As with your previous question, I believe you should approach this problem as a limit approach of increasing Rc. Moreover, you might gain some benefit from comparing two similar, but very different from the point of view of the base current, configurations.
A common emitter where current limiting is done via a base resistor, and an emitter degenerated configuration where current limiting is done by an emitter resistor.
For the moment I'll just add the following picture

The second configuration is explained in more detail in the above linked question. In terms of load lines, you want to know what happens when you switch from a finite Rc (the slanted load line denoted by (2) on the graphs) to an open circuit (the horizontal load line denoted by (1) on the graphs, and highlighted by ticks).

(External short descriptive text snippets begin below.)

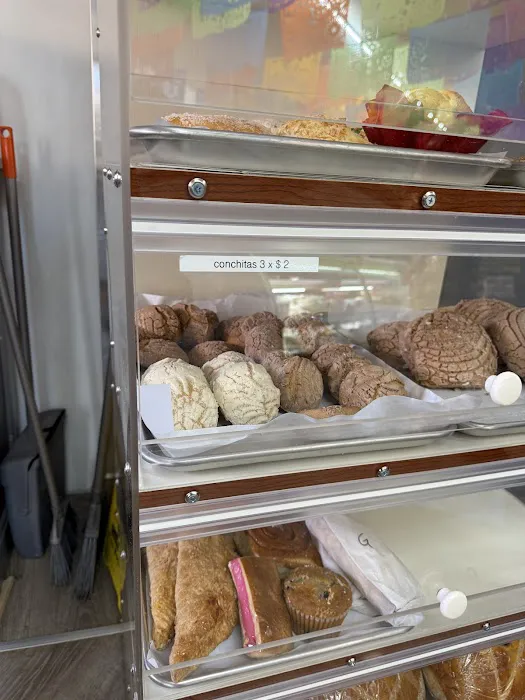 El Carnalito Barragan Deli Picture 2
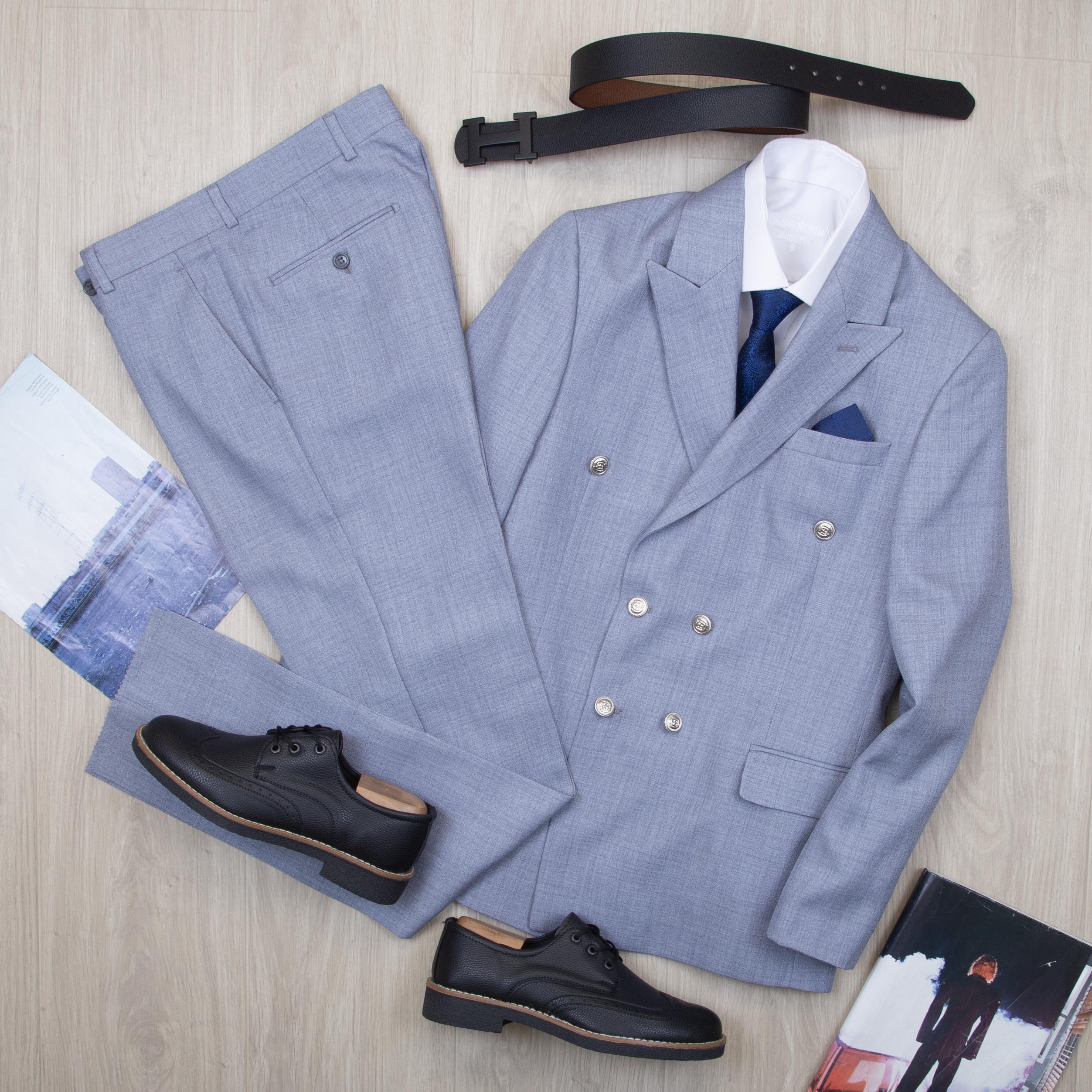 Gri Kruvaze Takım Elbise Kombini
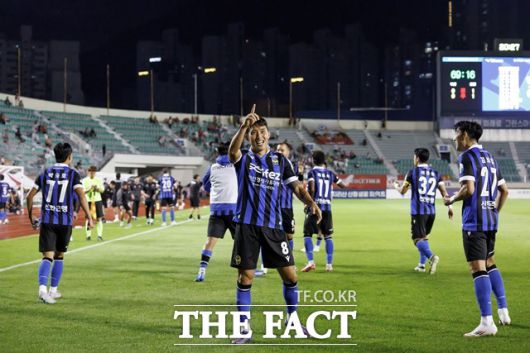 윤정환 감독을 만나 뛰어난 공격 본능을 보이고 있는 인천 신진호./K리그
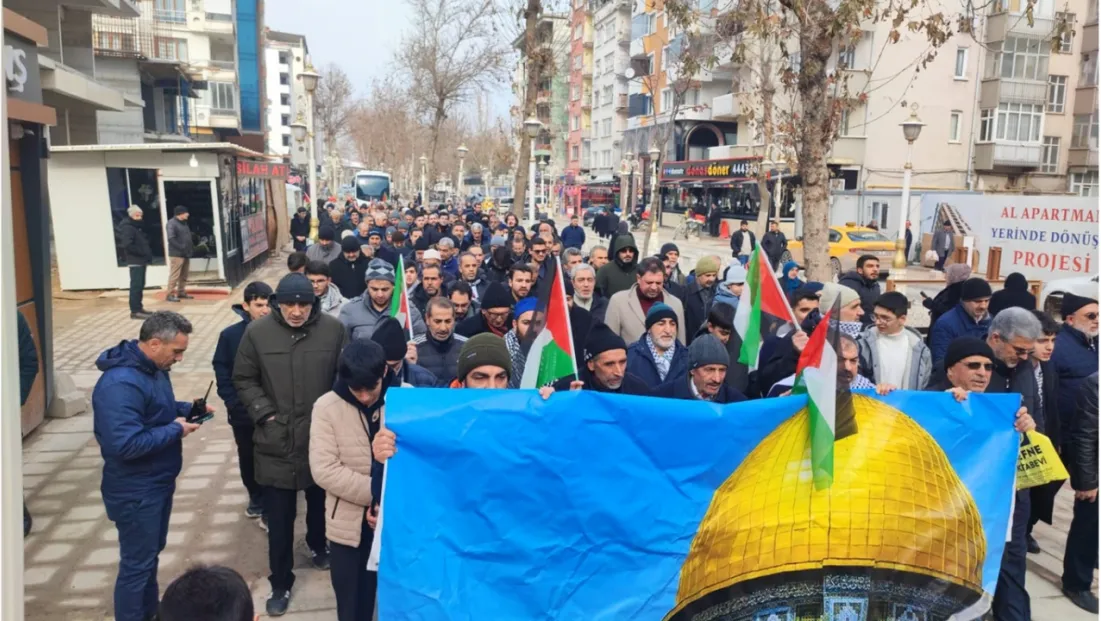 Malatya’da Kudüs İçin Yürüyüş: Yüzlerce Kişi Mescid-i Aksa’ya Destek İçin Bir Araya Geldi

As you can see the operating point goes from the active zone (I suppose the finite value of Rc was enough to keep the transistor out of saturation) to the point with Ic = 0 (and ideally Vce = 0 with a perfect transistor, let's not get into this level of detail). The big difference is that in one case Ib is a negligible contribution to Ie, while in the other Ib is nearly almost all of Ie.
If we go by the approximation Vbe=0.7V in active region, in the common emitter case with base resistor Rb we have that Ib is constant and equal to (Vbb - 0.7V)/Rb, while Ic and Ie change as Rc changes; in the other case with emitter resistor Re, it is the emitter current that remains constant at (Vbb - 0.7V)/Re while Ib and Ic change as Rc changes, as show in the graph in my other answer. (Vbb is the base battery voltage)
Finally, the reason you are confused is that by removing all resistances you have put yourself in a nearly impossible situation when you switch from Rc=0 to Rc=infinity.
If you keep a base current limiting resistor (either as Rb or as Re) then the above graphs and reasoning still apply, with the only alteration that the case Rc=0 will see the load line (2) as a vertical line.
But if you remove all limiting resistors then you will have a vertical load line on the base circuit as well, and you need a very precise Vbb to avoid exceeding the maximum base current limit. In theory, with an ideal transistor with an ideal base diode (vertical characteristic at Vbe, the one we used as an approximation to easily compute base current and emitter current in the two circuits above) any value higher than the exact value required will cause an infinite current and the destruction of the transistor. So, either you consider the exact nonlinear characteristics of the BJT (which, due to the steep nonlinearity will give little leeway before you kill the device), or you add limiting resistors and see what happens in the limit when their values go to zero (or to infinity in the case of Rc).